Me reafirmo en esta opinión escuchando el discurso con el que Pedro Sánchez inauguró la reunión del comité federal del PSOE. Nada nuevo bajo el sol, excepto, claro, que ahora, en lugar de candidatarse para presidente del Gobierno, el secretario general socialista se postula como líder de la oposición, aprovechando que los de Podemos están ensimismados en sus cosas y como ausentes. Por lo que respecta a la gobernabilidad del país, pues eso: más de lo mismo: 'no y qué parte del 'no no entiende usted, señor Rajoy' es la doctrina oficial en Ferraz, aunque no en todas las sedes autonómicas y locales del partido se expresen las negativas de modo tan absoluto. Y del espectáculo del congreso de Convergencia Democrática de Catalunya, o como se termine llamando eso, mejor ni hablamos: principios del siglo pasado.

Mariano Rajoy/Manolo Morán ha podido, al menos, saludar al amo del Imperio aprovechando la 'cumbre' de la OTAN. Eso fue antes de la matanza de Dallas, que es lo que oficialmente ha acortado la visita de Barack Obama a Sevilla-Rota-Madrid. Los demás se han perdido la posibilidad de intentar, en cinco segundos, trasladar al carismático presidente norteamericano y 'pato cojo' con todas las ventajas que ello implica, sus respectivas visiones del mundo. Qué fastidio, hombre, ahora que el líder de Podemos iba a explicar al inquilino de la Casa Blanca su visión acerca de la OTAN.

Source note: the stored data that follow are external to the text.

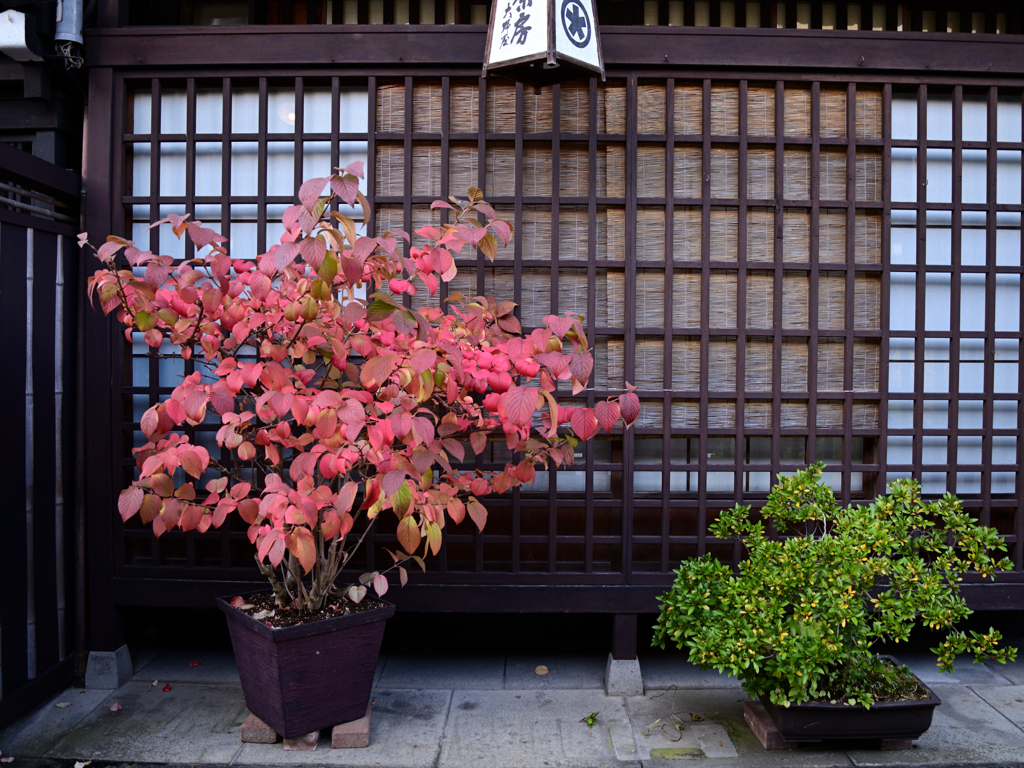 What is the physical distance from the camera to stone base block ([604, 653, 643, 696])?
14.7 ft

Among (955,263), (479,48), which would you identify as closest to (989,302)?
(955,263)

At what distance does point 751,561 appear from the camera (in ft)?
12.5

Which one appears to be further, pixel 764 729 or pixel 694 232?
pixel 694 232

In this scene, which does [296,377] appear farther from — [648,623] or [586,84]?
[648,623]

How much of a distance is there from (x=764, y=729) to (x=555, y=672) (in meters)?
1.52

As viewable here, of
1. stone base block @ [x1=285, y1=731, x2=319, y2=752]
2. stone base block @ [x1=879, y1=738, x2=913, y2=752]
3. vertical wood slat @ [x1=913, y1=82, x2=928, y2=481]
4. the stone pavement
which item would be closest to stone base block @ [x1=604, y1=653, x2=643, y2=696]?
the stone pavement

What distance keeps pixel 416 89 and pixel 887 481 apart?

Bienvenido míster Marshall, ya digo. Y no es, claro, que la España de hoy tenga mucho que ver con la de Pepe Isbert; pero este nuestro es un país que se resiste a abandonar los viejos moldes políticos para dirigirse hacia la modernidad. Por supuesto, Rajoy, con su andar presidencial elefantiásico, no deja tampoco de tener su parte de culpa ante el hecho de que la vida política sea un cenagal; pero, para decir toda la verdad, los otros, que siguen sin entender (bueno, estoy deseando escuchar a Albert Rivera cuando, el martes, se entreviste con el presidente en funciones) el mensaje de las urnas: el PP ha ganado, pero no para hacer lo-que-le-dé-la-gana. Así que no se trata de ayudar a Rajoy a gobernar, sino de marcarle las pautas de ese Gobierno; ¿qué parte de esta obviedad no entienden?

Me imagino que los asesores que, a bordo del Air Force One, se encargaron de explicar a Obama cómo andan las cosas por este rincón del mundo llamado Spain habrán tenido una ardua tarea para hacer entender al heredero de Harry S.Truman, que fue el presidente que alumbró el plan Marshall, el profundo surrealismo de la actual política nacional. Ni el ascenso de Trump hacia la Casa Banca, que confiemos en que no se consume, resulta tan difícil de comprender como la cerrazón de los herederos de Pepe Isbert a la hora de las alcaldadas y los discursos vacuos. Pero ya ve usted: queríamos creer que Villar del Río estaba superado y no, seguimos con el duelo a garrotazos y la ciudadanía, mirando. Como en Villar del Río, talmente.